Data entries:
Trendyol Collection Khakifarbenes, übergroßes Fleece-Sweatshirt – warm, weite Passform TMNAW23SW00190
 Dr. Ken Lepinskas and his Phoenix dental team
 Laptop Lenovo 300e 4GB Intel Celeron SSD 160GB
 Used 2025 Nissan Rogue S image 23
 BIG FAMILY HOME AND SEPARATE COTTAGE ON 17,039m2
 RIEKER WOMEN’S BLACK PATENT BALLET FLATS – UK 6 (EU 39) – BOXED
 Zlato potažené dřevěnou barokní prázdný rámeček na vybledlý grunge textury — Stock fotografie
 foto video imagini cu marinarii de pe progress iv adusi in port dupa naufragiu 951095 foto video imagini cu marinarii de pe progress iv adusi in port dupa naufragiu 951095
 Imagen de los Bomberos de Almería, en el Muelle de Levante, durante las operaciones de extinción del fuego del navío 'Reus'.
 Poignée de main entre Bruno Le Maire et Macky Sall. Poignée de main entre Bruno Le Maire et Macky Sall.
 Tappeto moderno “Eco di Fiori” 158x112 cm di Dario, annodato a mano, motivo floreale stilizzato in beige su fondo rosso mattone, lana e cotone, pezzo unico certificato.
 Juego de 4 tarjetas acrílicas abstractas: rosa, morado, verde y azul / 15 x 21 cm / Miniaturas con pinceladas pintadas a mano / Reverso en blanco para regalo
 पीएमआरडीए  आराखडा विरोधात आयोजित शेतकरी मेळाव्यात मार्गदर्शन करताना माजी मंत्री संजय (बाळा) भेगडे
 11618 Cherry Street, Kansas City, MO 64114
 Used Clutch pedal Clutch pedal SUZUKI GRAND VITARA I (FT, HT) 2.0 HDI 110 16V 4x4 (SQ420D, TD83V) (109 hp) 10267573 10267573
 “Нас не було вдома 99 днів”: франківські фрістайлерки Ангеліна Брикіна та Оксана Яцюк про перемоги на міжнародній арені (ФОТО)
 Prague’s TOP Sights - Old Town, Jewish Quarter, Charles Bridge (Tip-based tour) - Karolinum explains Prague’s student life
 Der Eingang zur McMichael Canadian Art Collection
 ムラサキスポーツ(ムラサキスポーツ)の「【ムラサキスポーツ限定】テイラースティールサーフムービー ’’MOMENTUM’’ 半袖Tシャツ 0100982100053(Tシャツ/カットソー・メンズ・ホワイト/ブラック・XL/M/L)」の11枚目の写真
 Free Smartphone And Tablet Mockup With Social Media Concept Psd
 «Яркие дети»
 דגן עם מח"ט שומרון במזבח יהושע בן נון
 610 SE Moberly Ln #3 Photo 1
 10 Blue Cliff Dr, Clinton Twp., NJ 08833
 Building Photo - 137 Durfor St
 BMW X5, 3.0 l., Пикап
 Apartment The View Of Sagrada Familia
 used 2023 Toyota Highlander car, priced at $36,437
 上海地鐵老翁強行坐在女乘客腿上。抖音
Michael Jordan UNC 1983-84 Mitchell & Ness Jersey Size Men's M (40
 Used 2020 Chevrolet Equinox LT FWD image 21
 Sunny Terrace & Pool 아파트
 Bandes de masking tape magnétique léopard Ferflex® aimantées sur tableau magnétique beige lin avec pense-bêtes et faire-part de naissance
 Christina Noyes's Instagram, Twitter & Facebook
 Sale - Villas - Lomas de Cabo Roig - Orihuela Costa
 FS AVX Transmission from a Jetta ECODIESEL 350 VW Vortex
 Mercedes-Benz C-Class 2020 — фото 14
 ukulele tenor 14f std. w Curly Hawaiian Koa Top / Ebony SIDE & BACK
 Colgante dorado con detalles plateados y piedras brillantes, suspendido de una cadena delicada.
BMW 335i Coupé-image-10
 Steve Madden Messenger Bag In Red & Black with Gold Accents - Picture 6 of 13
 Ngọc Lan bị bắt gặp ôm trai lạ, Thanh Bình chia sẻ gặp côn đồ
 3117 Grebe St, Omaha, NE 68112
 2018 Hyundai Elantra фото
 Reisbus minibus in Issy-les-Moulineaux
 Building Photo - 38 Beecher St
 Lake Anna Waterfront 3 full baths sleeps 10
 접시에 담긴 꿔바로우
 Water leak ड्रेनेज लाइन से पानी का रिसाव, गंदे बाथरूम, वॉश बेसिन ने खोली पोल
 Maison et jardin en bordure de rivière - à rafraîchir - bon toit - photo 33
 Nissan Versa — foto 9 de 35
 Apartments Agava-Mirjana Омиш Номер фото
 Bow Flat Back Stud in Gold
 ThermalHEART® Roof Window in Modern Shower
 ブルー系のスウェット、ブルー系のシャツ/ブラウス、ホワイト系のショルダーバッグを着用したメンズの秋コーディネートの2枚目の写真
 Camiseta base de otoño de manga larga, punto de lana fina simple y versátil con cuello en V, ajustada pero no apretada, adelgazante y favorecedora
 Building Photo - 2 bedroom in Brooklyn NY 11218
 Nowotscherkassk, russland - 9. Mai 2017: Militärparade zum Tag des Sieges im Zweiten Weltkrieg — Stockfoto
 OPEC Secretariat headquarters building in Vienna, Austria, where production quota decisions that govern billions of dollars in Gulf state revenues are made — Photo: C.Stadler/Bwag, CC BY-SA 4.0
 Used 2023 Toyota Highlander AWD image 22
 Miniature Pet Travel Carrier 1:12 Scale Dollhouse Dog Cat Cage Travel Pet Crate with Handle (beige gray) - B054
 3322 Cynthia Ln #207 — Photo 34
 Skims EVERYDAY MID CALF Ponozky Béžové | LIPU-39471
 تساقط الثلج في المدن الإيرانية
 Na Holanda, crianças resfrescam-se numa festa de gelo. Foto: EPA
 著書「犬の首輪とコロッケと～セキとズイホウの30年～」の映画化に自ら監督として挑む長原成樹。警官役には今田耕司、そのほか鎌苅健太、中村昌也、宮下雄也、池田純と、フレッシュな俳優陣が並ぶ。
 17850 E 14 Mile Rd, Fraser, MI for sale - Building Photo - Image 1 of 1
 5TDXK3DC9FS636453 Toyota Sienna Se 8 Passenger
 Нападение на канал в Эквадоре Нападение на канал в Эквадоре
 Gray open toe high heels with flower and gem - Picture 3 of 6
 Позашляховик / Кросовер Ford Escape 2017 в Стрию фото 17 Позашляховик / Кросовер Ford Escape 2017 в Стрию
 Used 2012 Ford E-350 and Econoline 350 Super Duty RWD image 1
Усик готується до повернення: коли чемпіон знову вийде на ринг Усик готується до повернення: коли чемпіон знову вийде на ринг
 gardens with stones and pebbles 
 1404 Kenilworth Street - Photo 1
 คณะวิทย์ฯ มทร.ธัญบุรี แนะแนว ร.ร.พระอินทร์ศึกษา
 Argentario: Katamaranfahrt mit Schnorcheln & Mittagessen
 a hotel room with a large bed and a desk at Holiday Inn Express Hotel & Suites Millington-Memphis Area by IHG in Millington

#### WHAT YOU ARE ASKED TO DO
The range runs from the line above containing "Miniature Pet Travel" to the line containing "gardens with stones and pebbles", inclusive. Restate those lines word for word and no others.

#### SOLUTION TO THIS TASK
 Miniature Pet Travel Carrier 1:12 Scale Dollhouse Dog Cat Cage Travel Pet Crate with Handle (beige gray) - B054
 3322 Cynthia Ln #207 — Photo 34
 Skims EVERYDAY MID CALF Ponozky Béžové | LIPU-39471
 تساقط الثلج في المدن الإيرانية
 Na Holanda, crianças resfrescam-se numa festa de gelo. Foto: EPA
 著書「犬の首輪とコロッケと～セキとズイホウの30年～」の映画化に自ら監督として挑む長原成樹。警官役には今田耕司、そのほか鎌苅健太、中村昌也、宮下雄也、池田純と、フレッシュな俳優陣が並ぶ。
 17850 E 14 Mile Rd, Fraser, MI for sale - Building Photo - Image 1 of 1
 5TDXK3DC9FS636453 Toyota Sienna Se 8 Passenger
 Нападение на канал в Эквадоре Нападение на канал в Эквадоре
 Gray open toe high heels with flower and gem - Picture 3 of 6
 Позашляховик / Кросовер Ford Escape 2017 в Стрию фото 17 Позашляховик / Кросовер Ford Escape 2017 в Стрию
 Used 2012 Ford E-350 and Econoline 350 Super Duty RWD image 1
Усик готується до повернення: коли чемпіон знову вийде на ринг Усик готується до повернення: коли чемпіон знову вийде на ринг
 gardens with stones and pebbles 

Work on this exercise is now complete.